NumPy Arrays
NumPy's basic data structure is an indexable, n-dimensional array containing elements of the same type (dtype). Right away, you may notice we have overloaded the term 'dimension'. Above, it was the number of elements in the vector, here, dimension refers to the number of indexes of an array. A one-dimensional or 1-D array has one index. In Course 1, we will represent vectors as NumPy 1-D arrays.

1-D array, shape (n,): n elements indexed [0] through [n-1]



Vector Creation
Data creation routines in NumPy will generally have a first parameter which is the shape of the object. This can either be a single value for a 1-D result or a tuple (n,m,...) specifying the shape of the result.
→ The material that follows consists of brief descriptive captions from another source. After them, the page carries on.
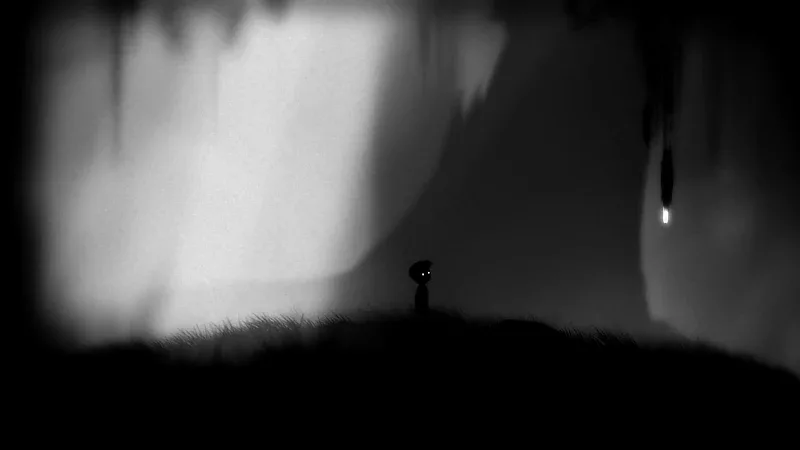 LIMBO MOD APK Screenshot 2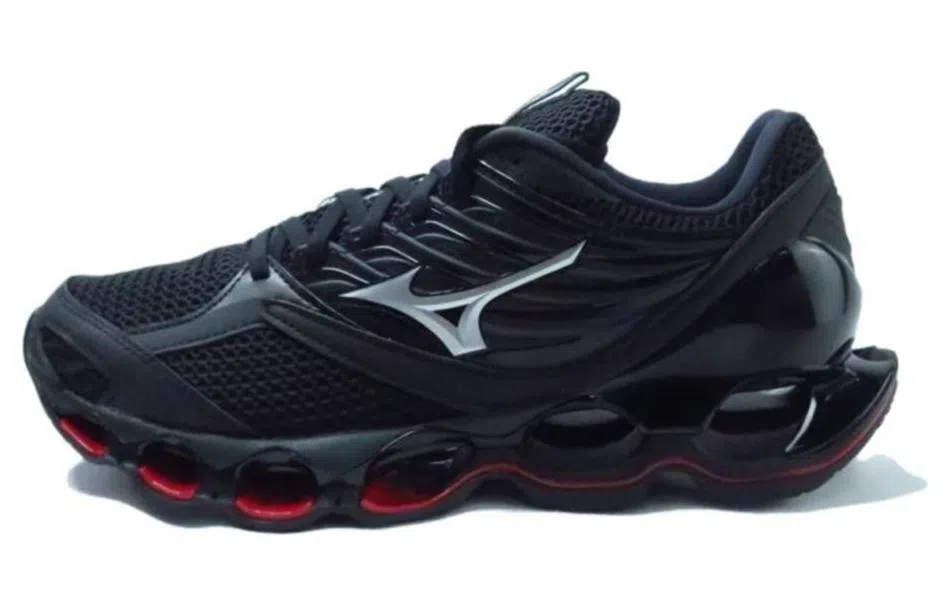 Mizuno Wave Prophecy 13 Black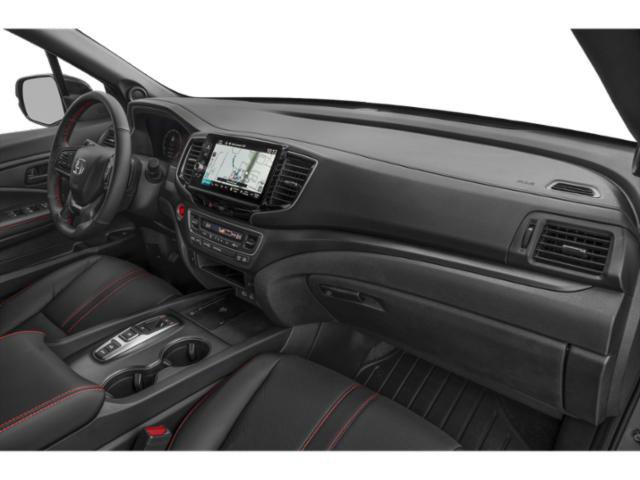 New 2026 Honda Ridgeline TrailSport image 17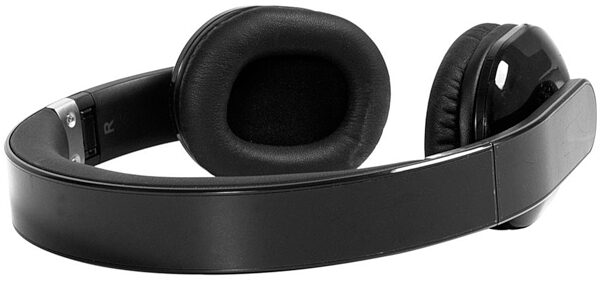 On-Stage BH-4500 Dual Mode Bluetooth Stereo Headphones, Side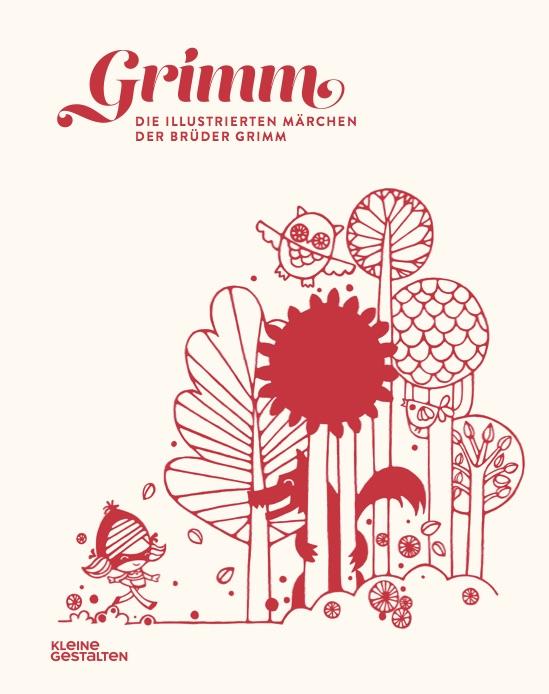 Cover-Bild Grimm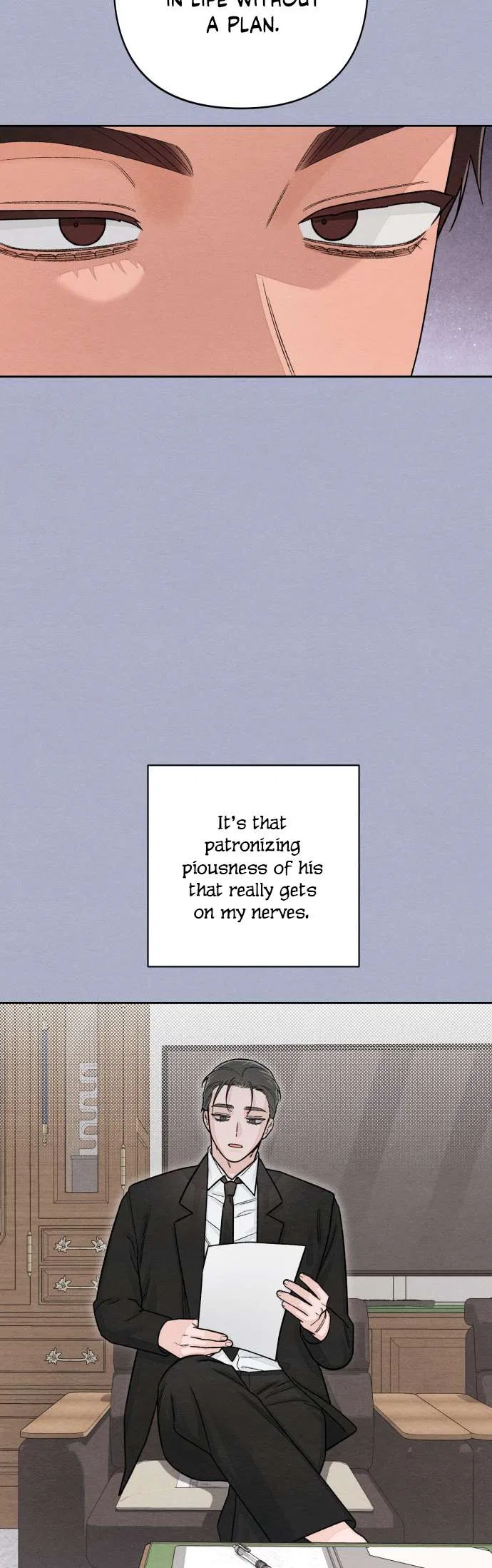 Revelation Of Youth Chapter 116 – Page 27
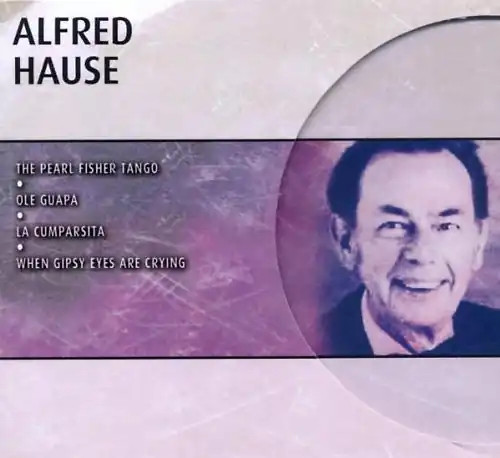 Alfred hause - alfred,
Below are examples of creating vectors using these routines.

In [2]:
import numpy as np
import time
# NumPy routines which allocate memory and fill arrays with value
a = np.zeros(4)
print(f"{a} , {a.shape}")
a = np.zeros(4,)
print(f"{a} , {a.shape}")
a= np.arange(4)
print(f"{a} , {a.shape}")
a = np.random.rand(4)
print(f"{a} , {a.shape}")

[0. 0. 0. 0.] , (4,)
[0. 0. 0. 0.] , (4,)
[0 1 2 3] , (4,)
[0.60198895 0.46376834 0.74242341 0.59581136] , (4,)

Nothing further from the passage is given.